尾鷲からクルマで15分ぐらいだった。
細い路地が張り巡らされた、テンプレ通りの漁村風景。
運転に慣れていても神経をすり減らすほどの道。もちろん離合など不可能だ。
こういう場所は自分の足で歩くほうがいい。
岸壁にクルマを停めた。
そろそろ日が傾こうかという時刻。柔らかい陽射しと潮風が心地よかった。
歩き出すとすぐに、かつて銭湯だった建物が目についた。
2006年に廃業した、中の湯である。
建物は今も大事に維持されているように見えた。
地域の人たちの思いを、深く深く刻み込んでいるのだろう。
そんなことを思った。
そこは、「引本浦」と言う漁村だった。
明治以降、かつお漁の基地として栄えた、歴史ある漁港である。
そんな引本には、かつて遊郭があった。
色街の余韻
明確な意思を持って此処を訪れた者は、ただの漁村とは明らかに性格を異にする建物にすぐ気がつくであろう。

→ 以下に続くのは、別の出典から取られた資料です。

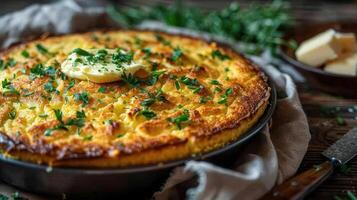 Savory delicious looking home made quiche with melted cheese, fresh herbs and a sunny side up egg photo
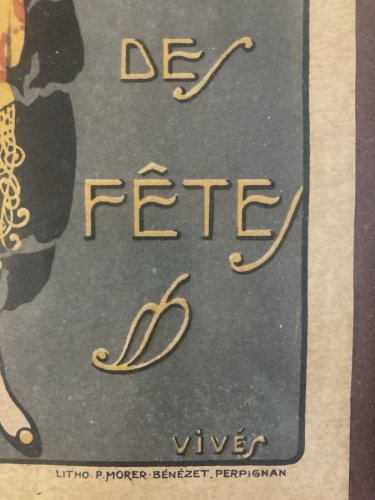 Gravure Lithographie Couleur Femme Carnaval De Perpignan 1930 Art Deco Litho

それはまるで、海の男たちで賑わった時代の火影のようだった。
幻のようにゆらゆらと波間を漂う、美しくも儚いもの。
決して結ばれることのない、一夜限りの愛。
手のひらで掬おうとしても、指の隙間からさらさらと零れ落ちていく。
両者にはどこか相通じるものがあった。
男たちはそれが偽物と知りながらも、ありもしないものに夢を見る。
信じ続けても叶わない願い。それはこの世に確かに存在する。
たとえ奇跡的に叶ったとしても、いつしか望んだはずのない姿に形を変えてしまうことがある。
否、確率の話をするのであればそのほうがはるかに可能性が高いかもしれない。
永久不変のモノなど何ひとつない。
それを知らぬ者は、やがて己の身を滅ぼすことになるだろう。
― 男と女がいた町。
そう聞くと、哀しいストーリーを回想せずにはいられなくなってしまう。
なぜ愛を確かめ合った者たちが、互いを傷つけ合わねばならないのか。
それが望んだ未来でないのだとしたら、これほど愚かで哀しいことはないだろう。
だが、その結末は決して予見できないものではなかったはずだ。
すべて自分で選んで来た道。責任の所在は明らかだ。
リスクに思いが至らなかったのだとしたら、それはあまりにも思慮が浅すぎる。
たとえ偽物だとしても、いや、偽物だからこそ美しいままの姿でいられるのだろう。
このまちで男たちが夢を見たワケが、今ならよくわかる。